The District of Columbia is not a state, it is a federal district. When the Constitution of the United States was adopted in 1787, what is now the District of Columbia was a part of the state of Maryland. In 1791, the District was ceded to the federal government for the purpose of becoming the nation's capital, a district that was to be governed by Congress.
How is DC Different than a State?
The 10th Amendment of the U.S. Constitution specifies that all powers not granted to the federal government are reserved for the states and the people.
Although the District of Columbia has its own municipal government, it receives funding from the federal government and relies on directives from Congress to approve its laws and budget. DC residents have only had the right to vote for the President since 1964 and for the Mayor and city council members since 1973. Unlike states who can appoint their own local judges, the President appoints judges for the District Court. For more information, read DC Government 101 - Things to Know About DC Laws, Agencies and More
Residents (approximately 600,000 people) of the District of Columbia pay full federal and local taxes but lack full democratic representation in the U.S. Senate or the U.S. House of Representatives. Representation in Congress is limited to a non-voting delegate to the House of Representatives and a shadow Senator. In recent years, District residents have been seeking Statehood to gain full voting rights.
They have not yet been successful. Read more about DC Voting Rights
History of the Establishment of the District of Columbia
Between 1776 and 1800, Congress met in several different locations. The Constitution did not select a specific site for the location of the permanent seat of the federal government.
Establishing a federal district was a controversial issue that divided Americans for many years. On July 16, 1790, Congress passed the Residence Act, a law that permitted President George Washington to select a location for the nation’s capital and to appoint three commissioners to oversee its development. Washington selected a ten square mile area of land from property in Maryland and Virginia that lay on both sides of the Potomac River. In 1791, Washington appointed Thomas Johnson, Daniel Carroll, and David Stuart to supervise the planning, design, and acquisition of property in the federal district. The commissioners named the city “Washington” to honor the President.

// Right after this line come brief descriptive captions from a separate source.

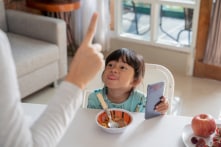 Giúp trẻ tránh xa điện thoại thông minh và mạng xã hội là điều cấp thiết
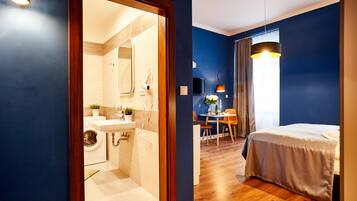 Deluxe Studio Suite (3) | 1 bedroom, in-room safe, iron/ironing board, free WiFi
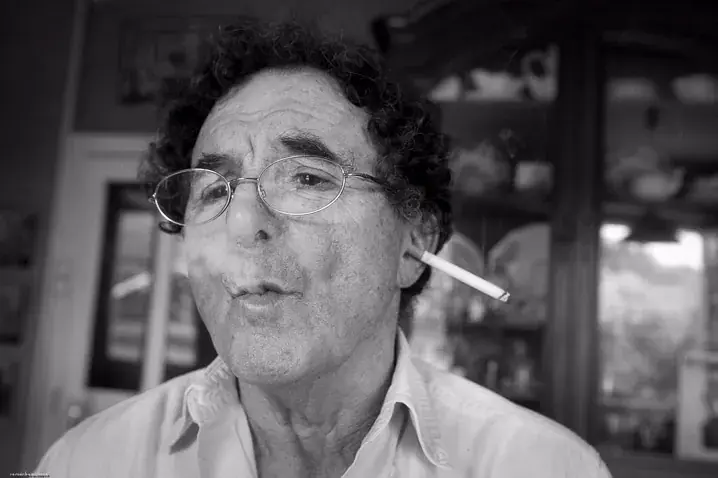 Bambin aux yeux bleus barbouillé de chocolat, regard espiègle et direct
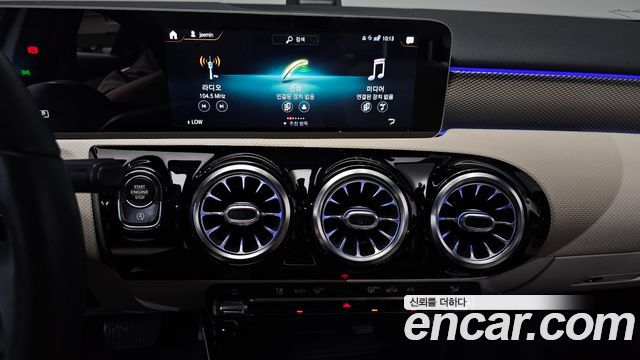 Mercedes-Benz A-Class 2020 — photo 20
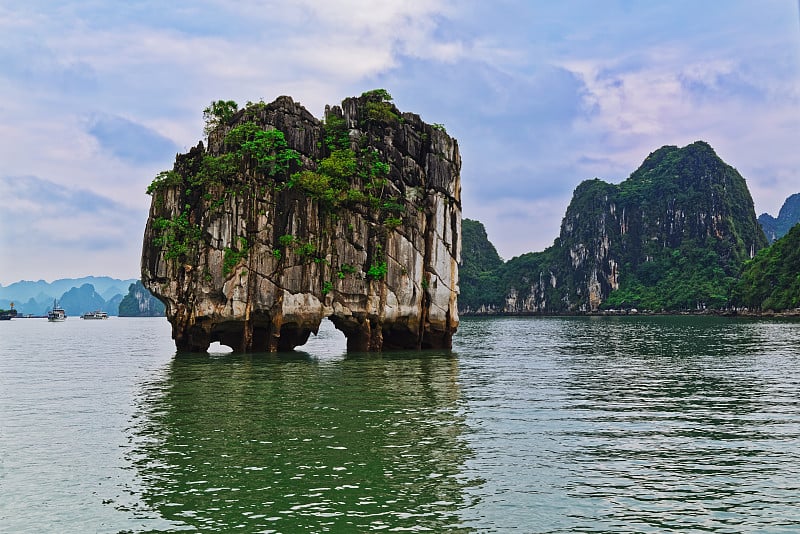 美丽的岩石岛在永下龙湾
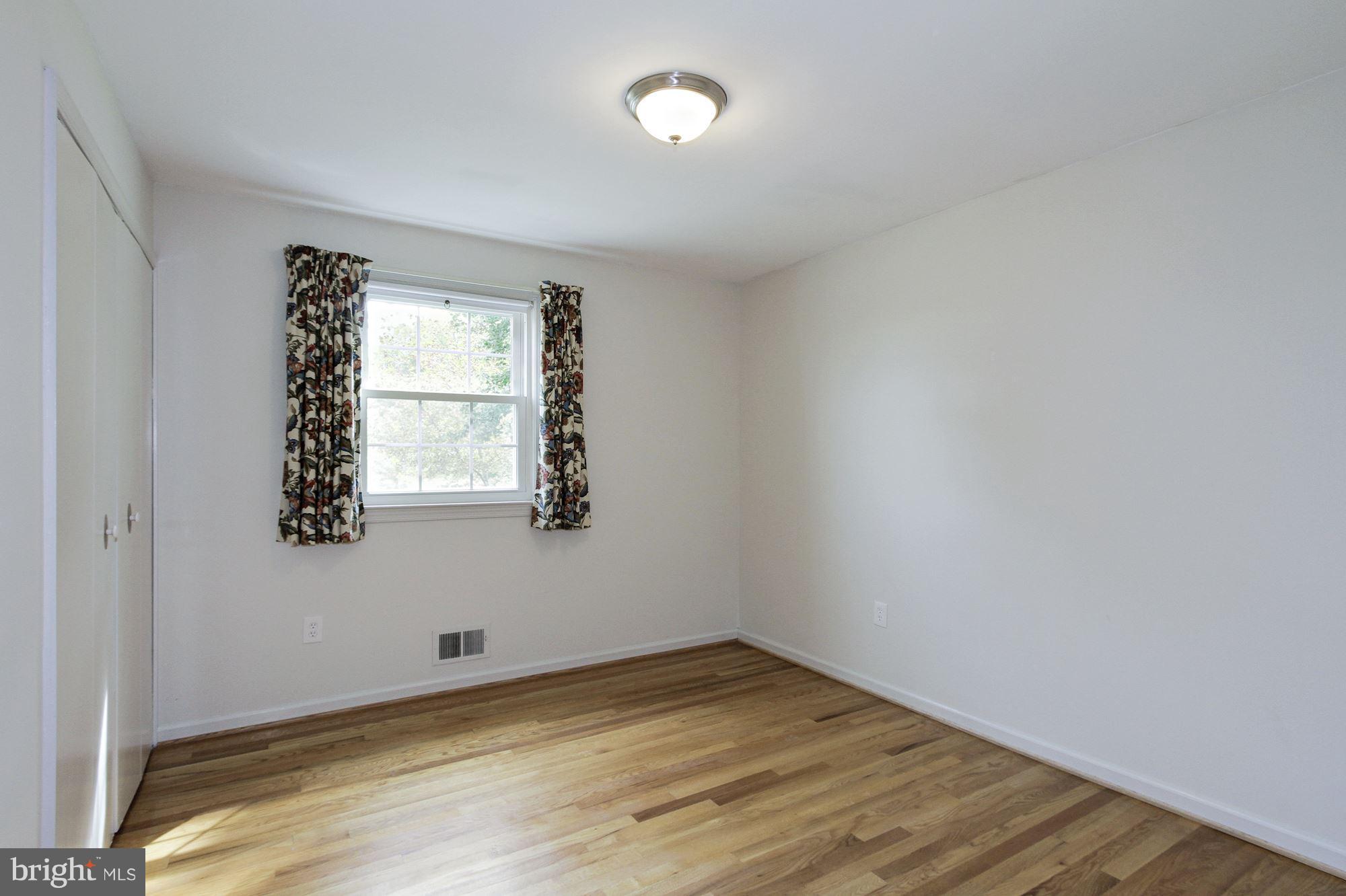 11320 Gainsborough Road Potomac, MD 20854 - Photo 19 of 23 Bedroom 4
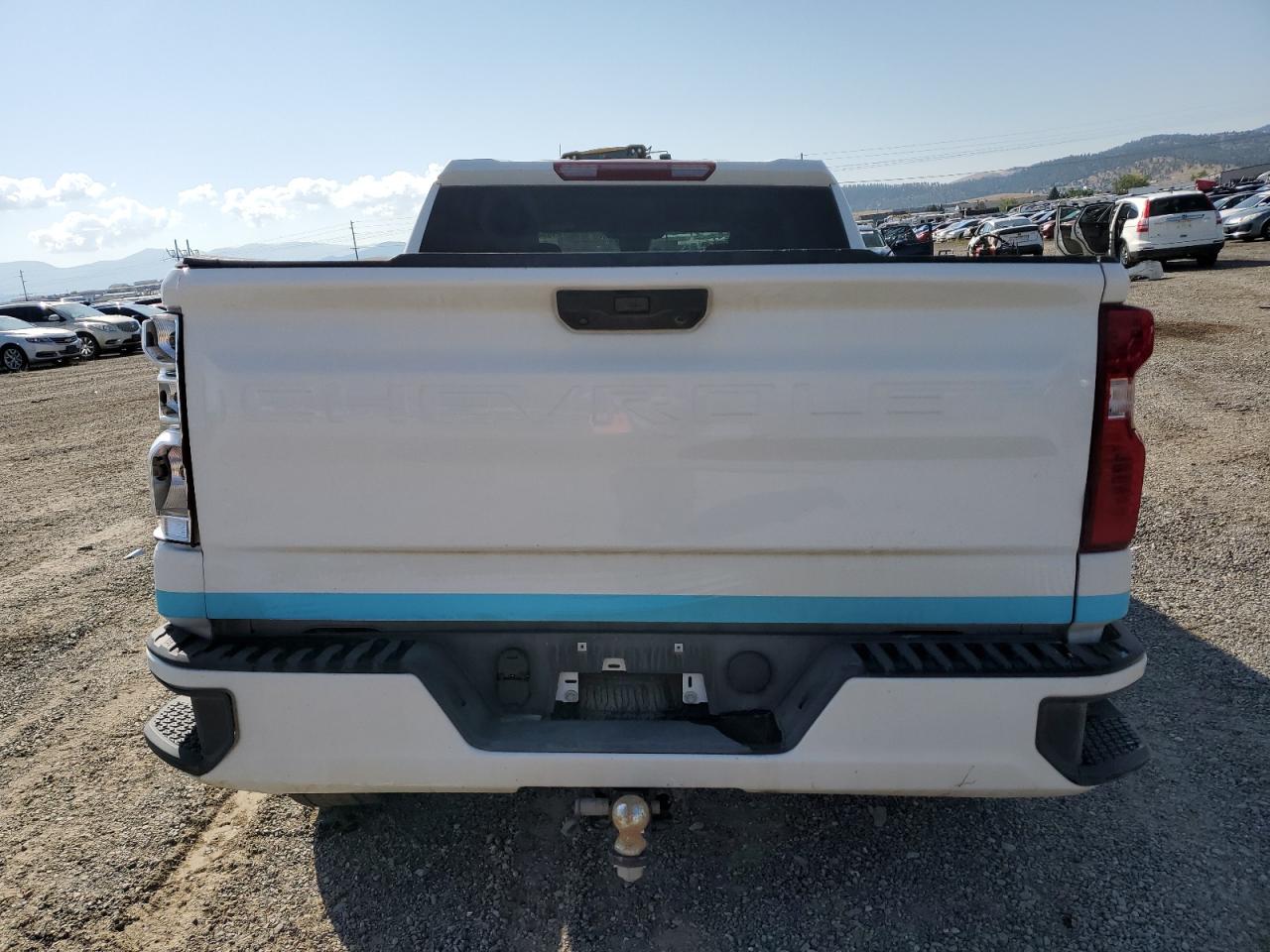 2022 Chevrolet Silverado K1500 Custom VIN: 3GCPDBEK4NG553827 Lot: 54682544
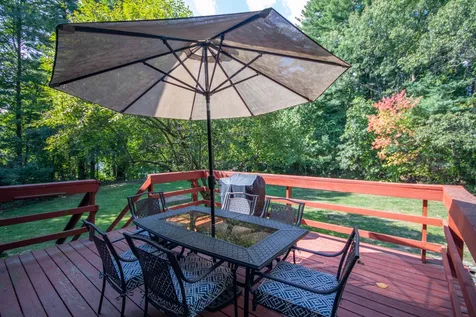 3 Verdi Lane Londonderry NH 03053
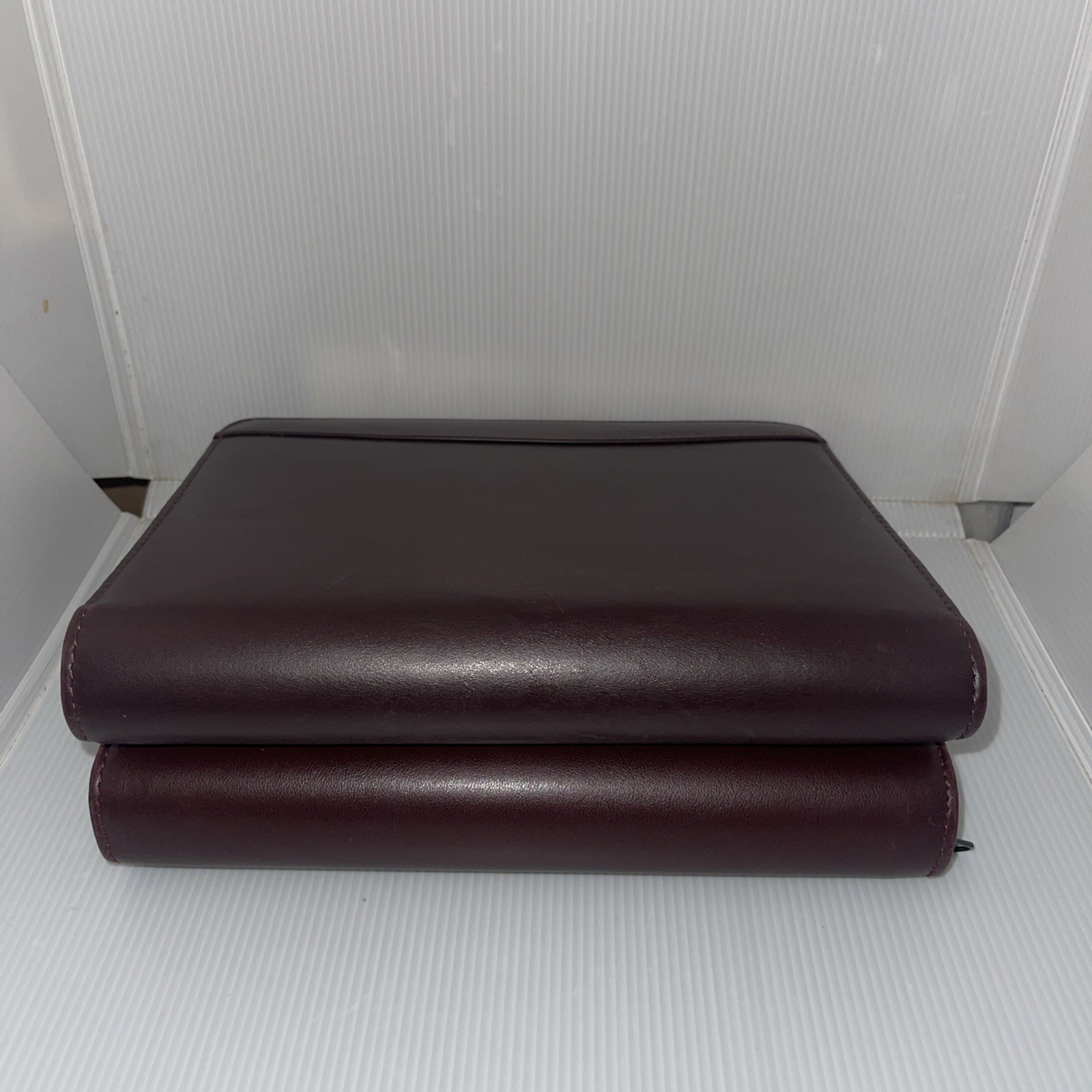 Lot Of 2 Dayrunner Burgundy/Brown Planners 8×10”🍀 Zip Around With Some Inserts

In 1791, the President appointed Pierre Charles L'Enfant, a French-born American architect and civil engineer, to devise a plan for the new city. The city's layout, a grid centered on the United States Capitol, was set at the top of a hill bounded by the Potomac River, the Eastern Branch (now named the Anacostia River) and Rock Creek. Numbered streets running north-south and east-west formed a grid. Wider diagonal "grand avenues" named after the states of the union crossed the grid. Where these "grand avenues" crossed each other, open spaces in circles and plazas were named after notable Americans.
The seat of government was moved to the new city in 1800. The District of Columbia and unincorporated rural areas of District were governed by a 3-member Board of Commissioners. In 1802, Congress abolished the Board of Commissioners, incorporated Washington City, and established a limited self- government with a mayor appointed by the President and an elected twelve-member city council. In 1878, Congress passed the Organic Act providing for 3 Presidentially-appointed commissioners, payment of half of the District's annual budget with Congressional approval and any contract over $1,000 for public works. Congress passed the District of Columbia Self-Government and Governmental Reorganization Act in 1973 establishing the current system for an elected mayor and a 13-member Council with legislative authority with restrictions that can be vetoed by Congress.